Nelson's proof of Liouville's theorem
This doesn't answer any of the three specific questions asked, but addresses an implicit question: "Why did the editor accept it?"
In 1961, the Proceedings of the AMS established a section called "Mathematical Pearls" devoted to, I quote:
The purpose of this department is to publish very short papers of an unusually elegant and polished character, for which normally there is no other outlet.
In the issue in which Nelson's proof appears, that section starts on page 991 and continues to the end, including 7 papers in all, none of which exceeds 2 pages. In a different issue you can find this paper which also contains the quoted disclaimer above.
This is to answer question (2): what are the standard proofs before 1961?
According to Barry Simon (Harmonic Analysis [volume 3 of his "Comprehensive course"], p197) the standard citations for "Liouville" theorem pre 1961 are this paper of Maxime Bôcher from 1903 and this paper of Emile Picard from 1924.
Bôcher proves the Liouville's theorem with a one-sided bound in a footnote to the following theorem:
The function $u$ being harmonic when $r>R$, it either becomes both positively and negatively infinite for different ways of going to infinity, or it approaches one and the same finite limit for every method by which the point P recedes to infinity.

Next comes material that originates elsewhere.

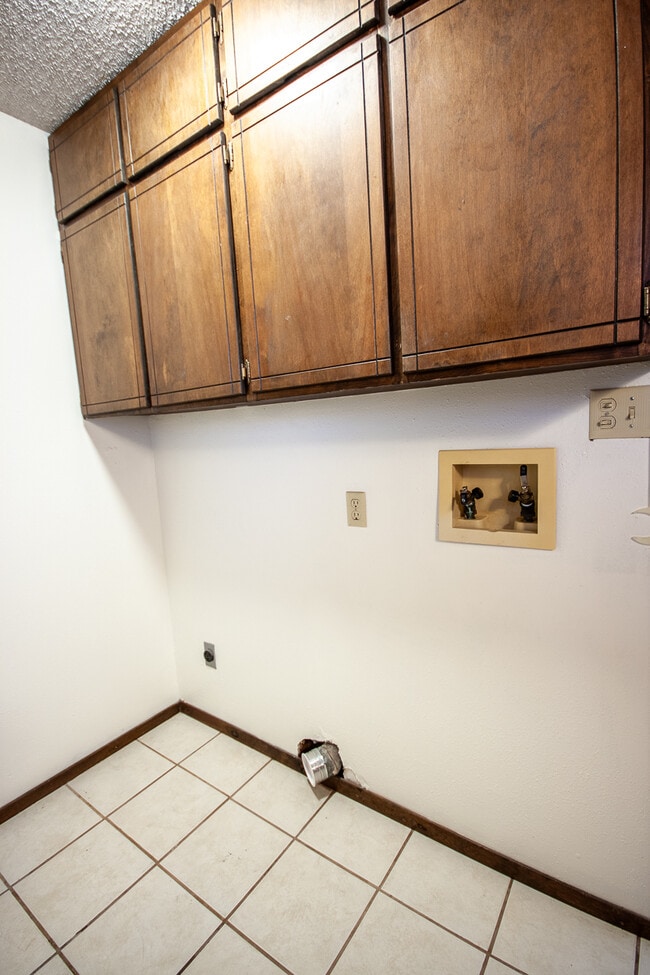 Building Photo - 1321 Piedmont Dr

This was proven by taking first the Kelvin transform (which Lord Kelvin proved in 1847 [Extraits de deux Lettres adressées à M. Liouville; this is published in Liouville Journal, a.k.a. J. Math. Pure. Appl]) which makes the problem one of an isolated singularity at the origin, and by a theorem Bôcher proved in the pages before, this means that function has the form $$ u=\frac{c}{r^{n-2}}+v, $$ where $v$ is harmonic at the origin. The Liouville's theorem then follows immediately by applying the mean value property to a large circle.

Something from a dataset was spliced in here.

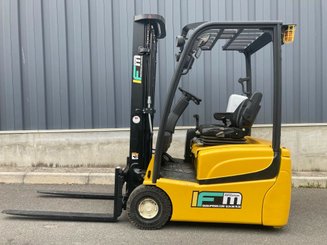 Chariot élévateur électrique Yale ERP16VT SWB - 1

Picard proves that a positive harmonic function $u$ on $\mathbb{R}^3$ is constant by Harnack's estimates $$ c_R u(0) \leq u(x) \leq C_R u(0), $$ where $$ c_R=\min_{y\in\partial B_R(0)}P_y(x),\quad C_R=\max_{y\in\partial B_R(0)}P_y(x) $$ are explicit expressions that tend to 1 as $R$ goes to infinity and $P_y(x)$ is the Poisson kernel in the disc $B_R(0)$. The estimates follow readily from the representation $$u(x)=\frac{1}{4\pi R^2}\int_{y\in\partial B_R(0)} P_y(x)u(y)dy.$$ In dimension 3, they first appeared in Poincare (1890); Harnack (1887) did the two-dimensional case. In fact, a Nelson-type argument gives similar bounds with worse constants, which might be an explanation as to why it was neglected.
Picard gives no attribution to any of the results in his paper (none of which were actually his), just saying "these are theorems I prove in my course for a long time". So, it is reasonable to assume that he knew about the paper of Bôcher. On the other hand, Bôcher's proof seems to require an additional argument to make it rigorous (Sard's lemma does the job, but it was unknown until 1939), so Picard's paper might be indeed the first reference for a complete and explicit proof of Liouville's theorem.

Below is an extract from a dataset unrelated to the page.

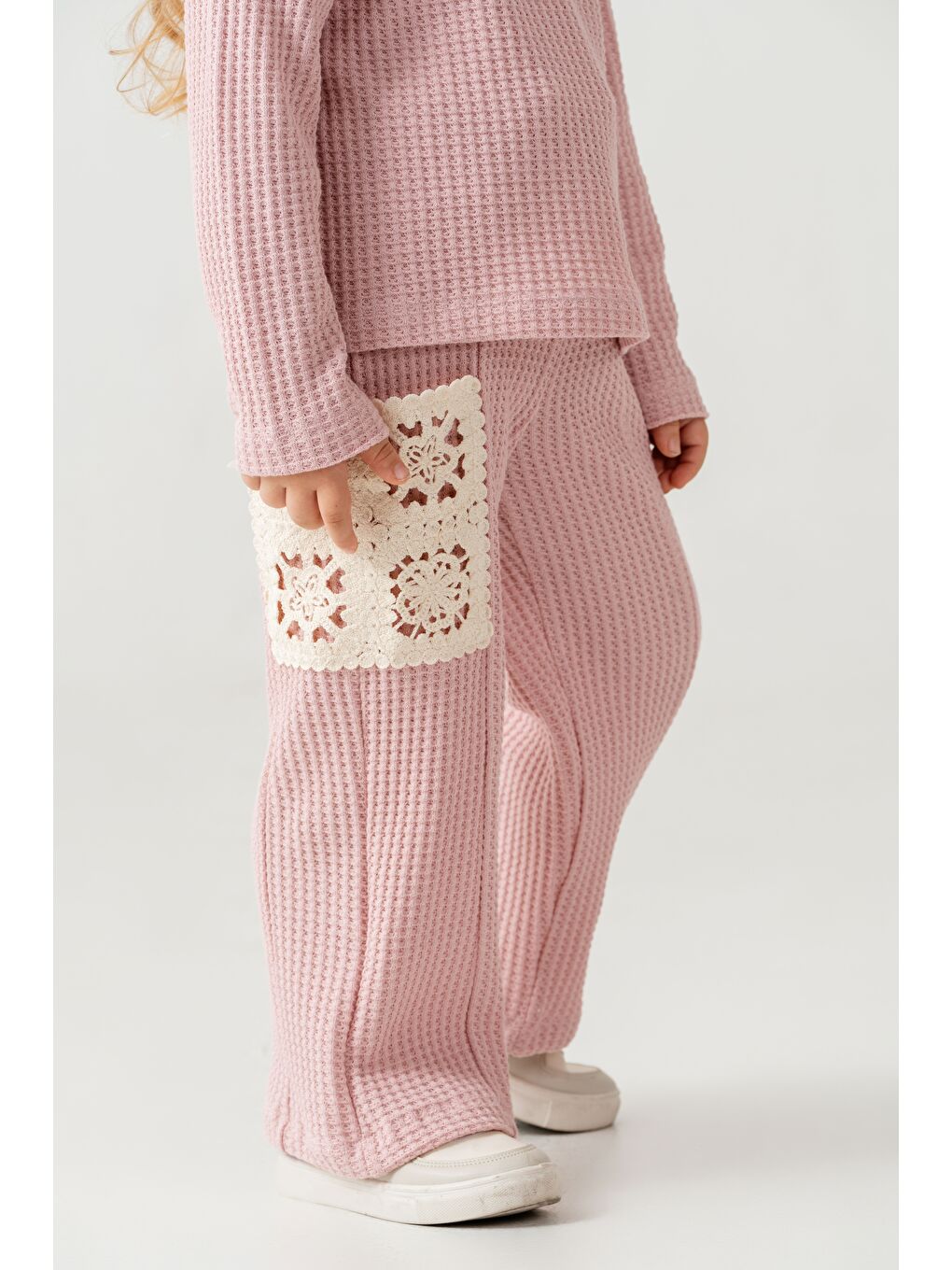 Pembe Kız Çocuk Dantelli İspanyol Paça Eşofman Takımı-3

The difference between Picard's and the "modern" proof is not huge (from the modern perspective). Both are using some sort of "mean value" property of harmonic functions. But Nelson's proof using the simplest version of the mean value property by allowing the domains of integration to differ leads to a proof that can be written down without symbols; I don't think the same can be done easily with Picard's version.
This proof was new to me when I read it:-) The standard proof, which I teach, and which is given in most books uses Harnack's inequality, which follows from Poisson's formula for the ball, or Poisson's formula directly. If I were the editor or a referee, I would accept this paper.